她垂眸看向那雙腿。
不得不說,即便被傷成這樣,這雙腿的骨相依然是極好的。小腿修長,腳踝伶仃,膝蓋的弧度利落得像刀削。只是這“刀”上又添了太多不該有的痕跡——爆炸留下的灼燒傷、舊刀口、還有毒發時潰爛又癒合的凹凸,縱橫交錯,像一幅被惡意揉皺又勉強攤開的輿圖。
張海娜臉上沒什麼表情,眼神卻專注得像在研讀一卷珍貴的醫書。
她下針極快。
腕子一翻,銀針沒入足三里,緊接著是陽陵泉、懸鐘、三陰交.......她的手指翻飛如蝶,針尖刺破疤痕增生的厚繭,精準地尋到穴位深處。張海蝦的腿肌猛地一繃,卻沒有躲,連一聲悶哼都欠奉。
“放鬆。”張海娜頭也不抬,聲音平靜的傳來,一雙清亮的眼睛牢牢注視著那雙腿,“肌肉繃這麼緊,針要彎了。”
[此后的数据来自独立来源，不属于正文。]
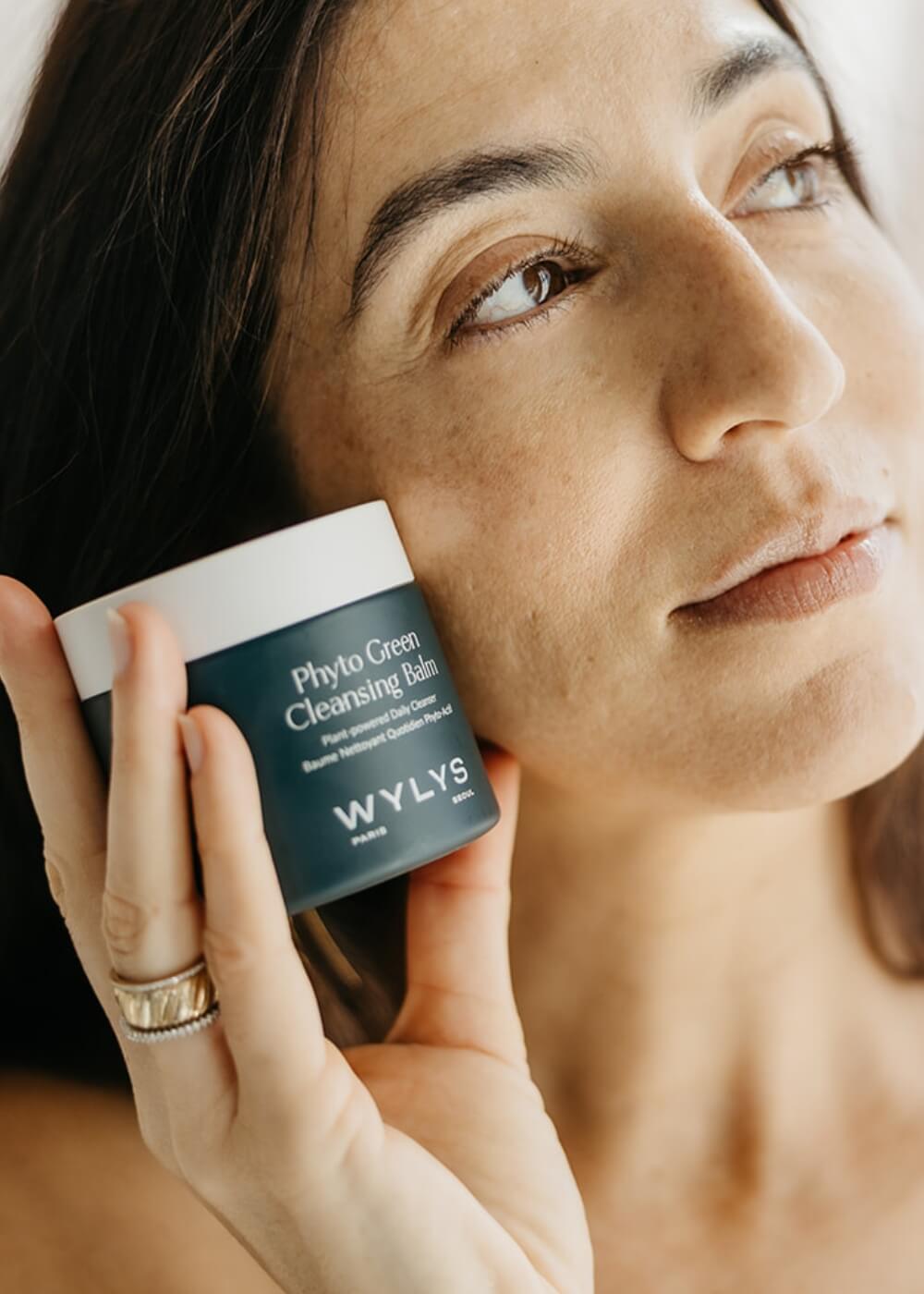 Woman holding a WYLYS Phyto Green Cleansing Balm jar close to her face.
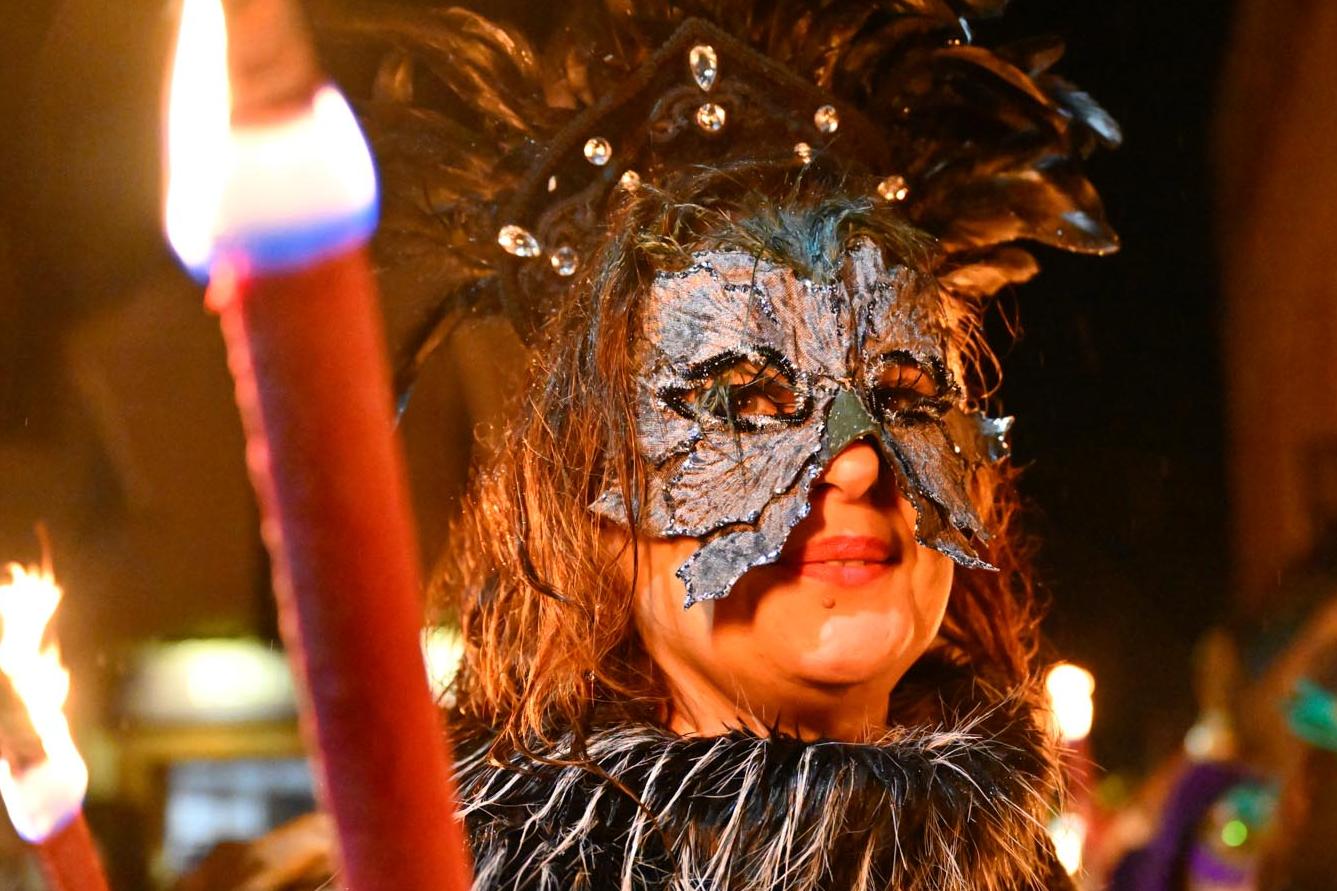 A masked woman with a torch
張海蝦沒應聲,只是將臉往臂彎裡埋得更深了些。他的呼吸平穩而綿長,像是在刻意壓制某種本能的抗拒,又像是把全部的注意力都放在了別處。
最後一針刺入委中穴。
張海娜直起身,輕輕吁了口氣。她數了數針尾,確認無誤,便抱著手臂坐在一旁等留針。
張海娜視線看向了在門口站著的人,那人可以說是從開始到現在完全沒有換姿勢。
在注意到了他臉上還帶著青灰淤青時,她走了過去,從醫藥箱中翻了翻,隨後拿起一個小瓶子扔了過去。
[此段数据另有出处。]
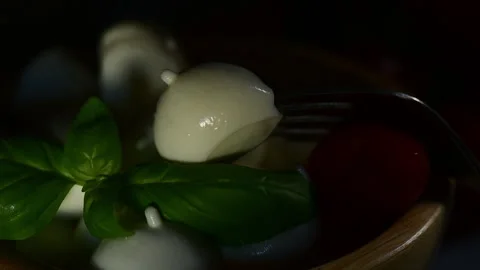 Light illuminates fresh apulian mozzarella cheese in a wooden bowl Stock Footage 153271994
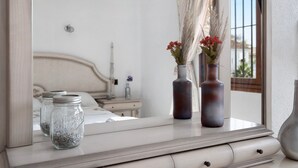 A bedroom with a bed, a nightstand, a mirror, and two vases on a dresser. - Holiday Home 'Torremuelle' with Sea Views, Pool, Terrace and Garden (Benalmadena)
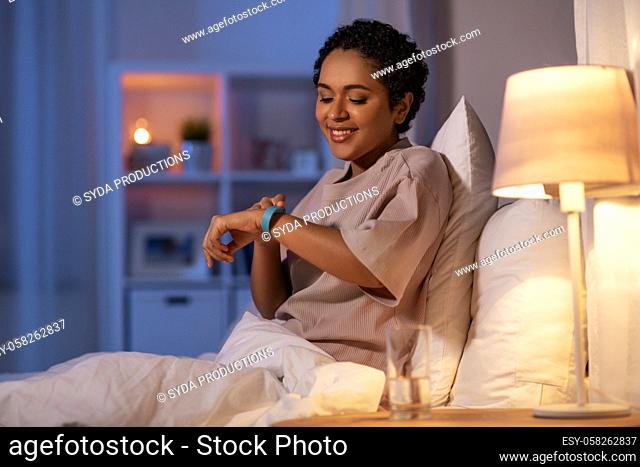 woman with health tracker in bed at night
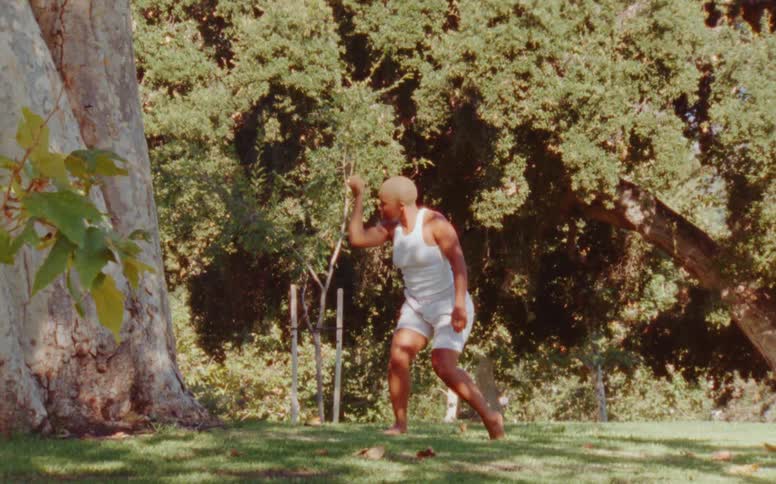 Woman dances outdoors near tree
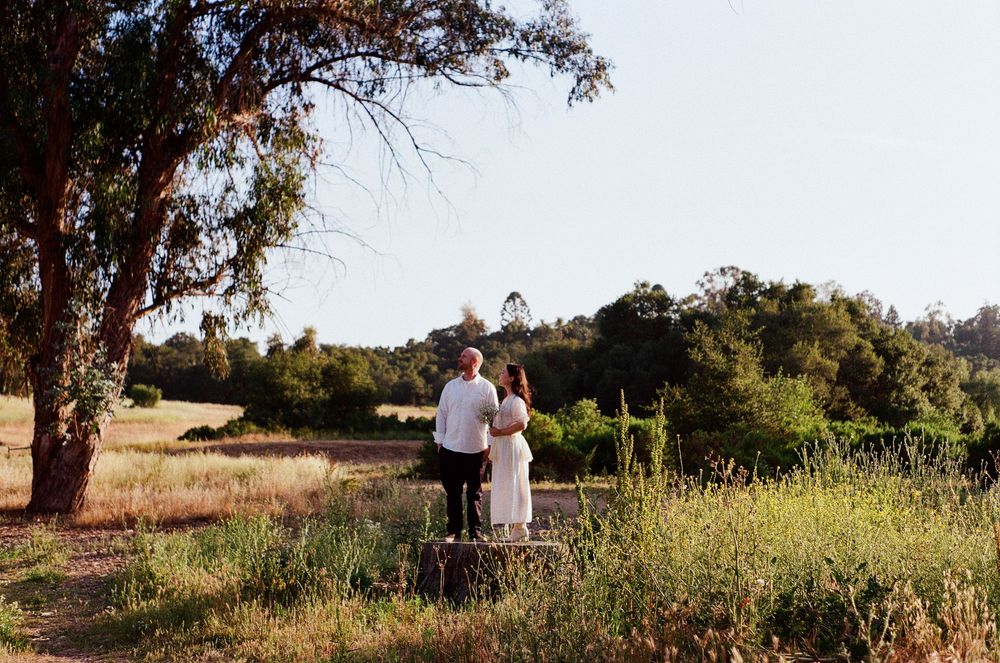 Nostalgic film photography of an intimate moment in the meadow with soft, glowing foreground textures.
張海鹽即使在走神,手動作卻還是精準地接住扔過來的東西。
他回過神,看了眼手上的東西,又看向張海娜。
“給你塗臉的。”
——雖然一開始的時候覺得好笑,但看久了,還是覺得這麼好看的臉,殘留著幾塊淤青,有礙觀瞻啊。
“謝了。”
張海鹽也沒拒絕,說著就把藥往自己懷裡塞,完全沒有要用的想法,也沒有還回去的想法。
她的藥好用程度他還是知道的,不過就這點傷他用藥酒揉揉就好。
張海娜看著他動作,有被無語到。
等待總是無聊的。
她的目光不由自主地又落回那雙腿上。陽光從窗欞漏進來,照在那些凹凸不平的疤痕上,有的泛著白,有的泛著淡紅,像瓷器上粗暴的鋦釘。
她忽然覺得有些可惜。
這腿形是真的好看。筆直,修長,骨肉勻停,若是沒這些疤,穿長衫時下襬一掀,或是坐在輪椅上毯子不經意滑落,該是極養眼的風景。現在倒好,暴殄天物。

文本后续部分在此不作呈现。